[Web page caption snippets]

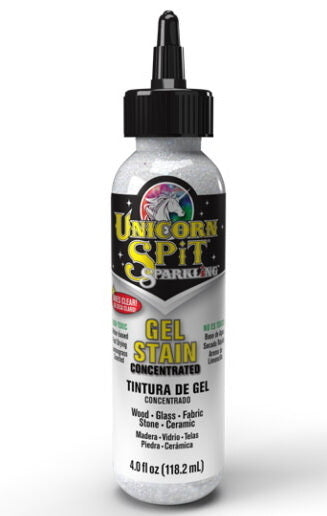 Unicorn Spit sparkl. gel stain & glaze iced egret 118ml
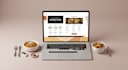 luxury bar website, food cart website, restaurant website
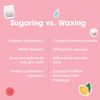 Sugaring Medium Paste for advanced sugaristas and professionals - Ideal for Speed technique with large body areas - Legs, Back bundle with Anti-Ingrown Hair solution and Sugaring Applicator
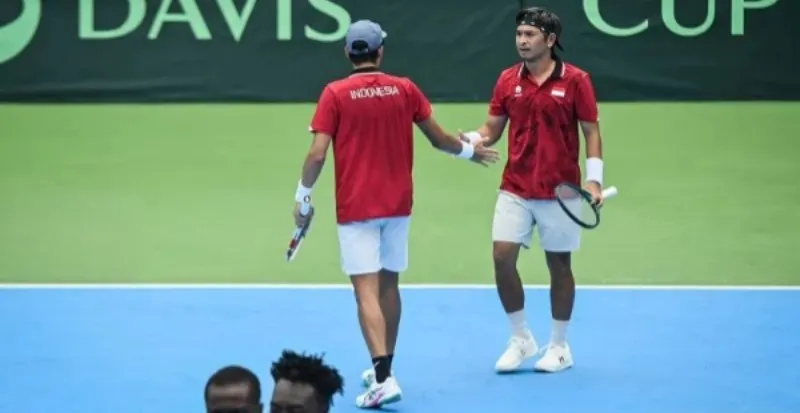 Tim Tenis Indonesia Promosi ke Piala Davis Grup II Dunia Usai Kalahkan Togo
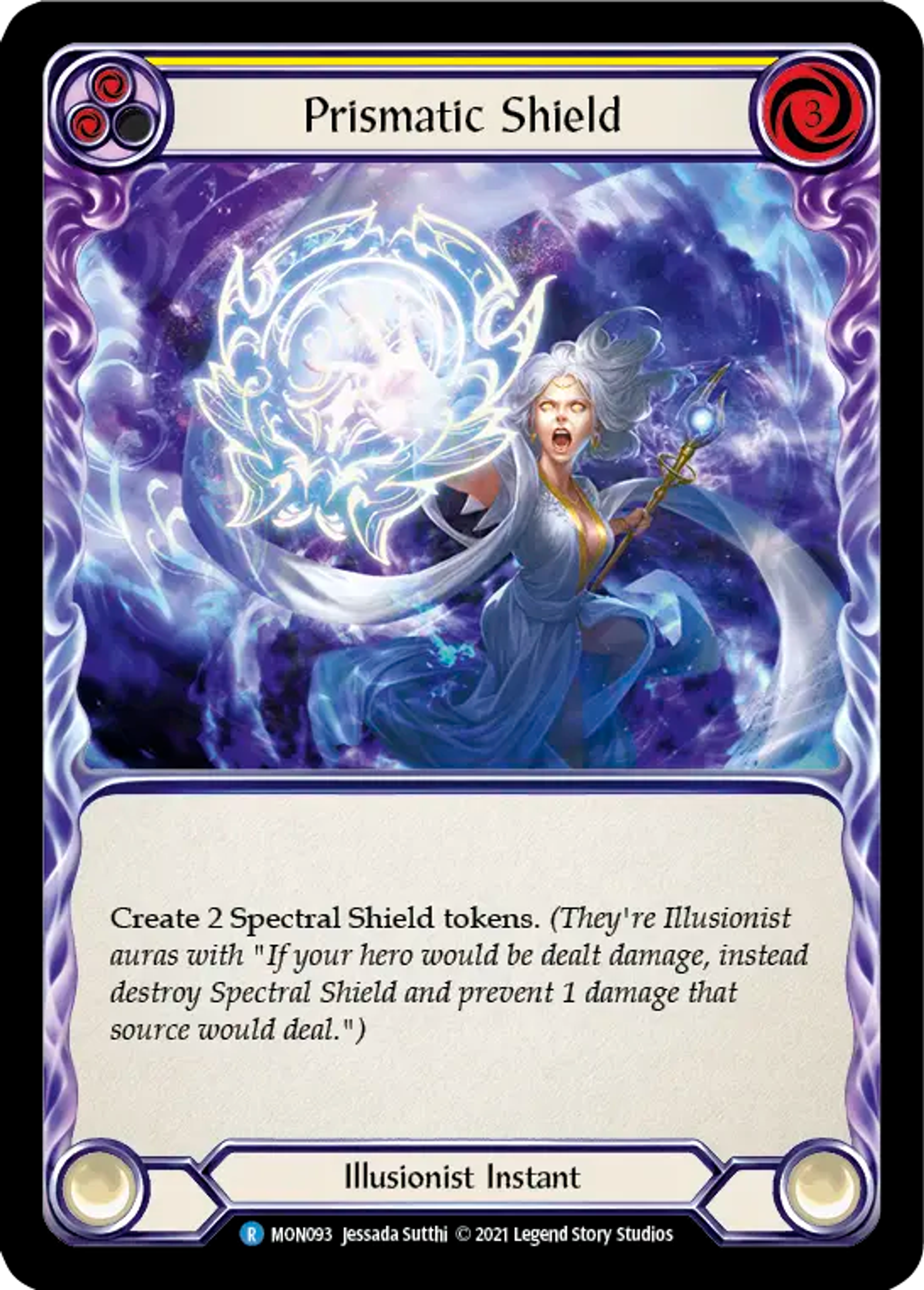Prismatic Shield (Yellow) — Monarch — Flesh and Blood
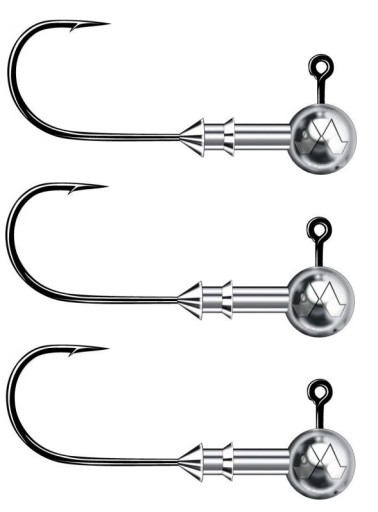 Główka jigowa MUSTAD Classic 1/0 12,5g 3szt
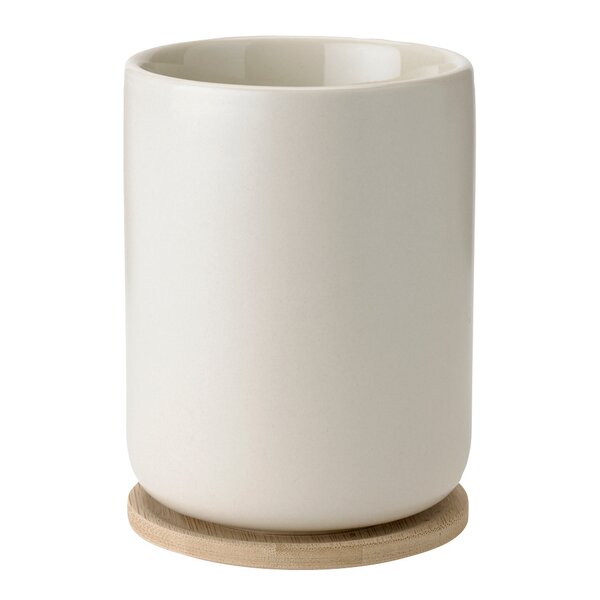 Stelton Theo termokopp med trebrikke 25 cl sand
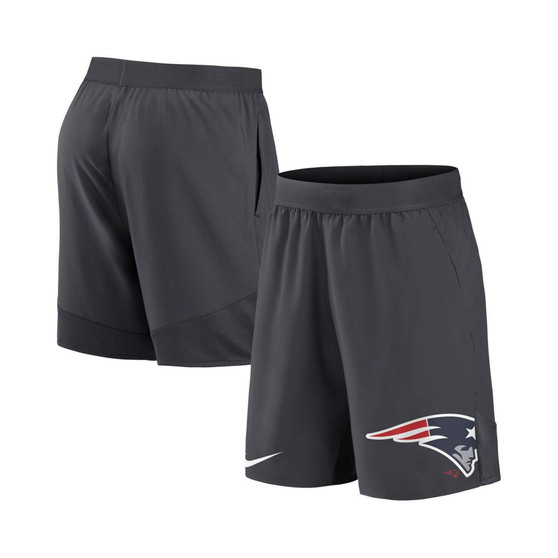Men's Anthracite New England Patriots Stretch Performance Shorts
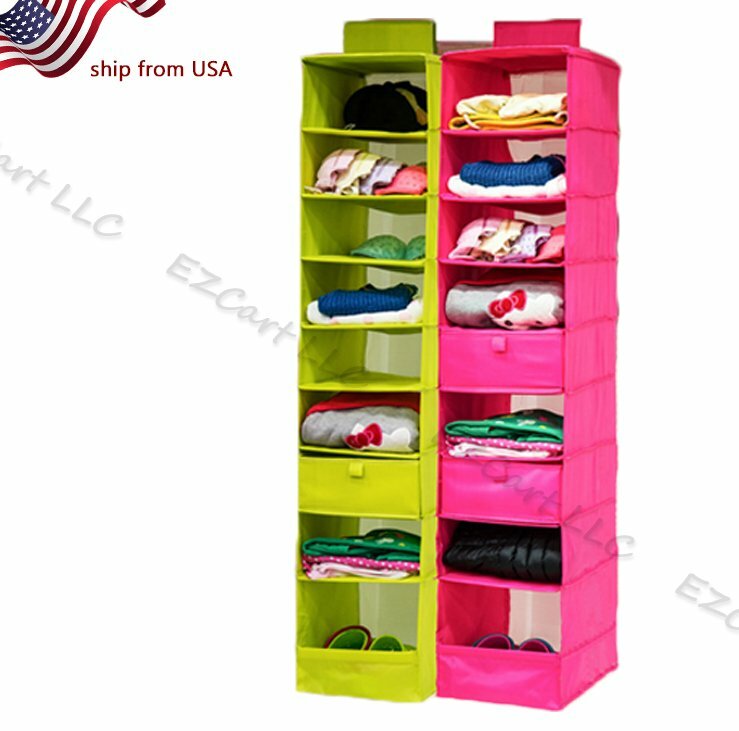 Hanging Activity Daily Shelf Organizer 9  Kids Closet Toys Room Storage Clothes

- **PROBLEM**
Word for word, give back each entry from above, but skip any picture.

- **EXERCISE OUTPUT**
 Unicorn Spit sparkl. gel stain & glaze iced egret 118ml
 luxury bar website, food cart website, restaurant website
 Sugaring Medium Paste for advanced sugaristas and professionals - Ideal for Speed technique with large body areas - Legs, Back bundle with Anti-Ingrown Hair solution and Sugaring Applicator
 Tim Tenis Indonesia Promosi ke Piala Davis Grup II Dunia Usai Kalahkan Togo
Prismatic Shield (Yellow) — Monarch — Flesh and Blood
 Główka jigowa MUSTAD Classic 1/0 12,5g 3szt
 Stelton Theo termokopp med trebrikke 25 cl sand
Men's Anthracite New England Patriots Stretch Performance Shorts
 Hanging Activity Daily Shelf Organizer 9  Kids Closet Toys Room Storage Clothes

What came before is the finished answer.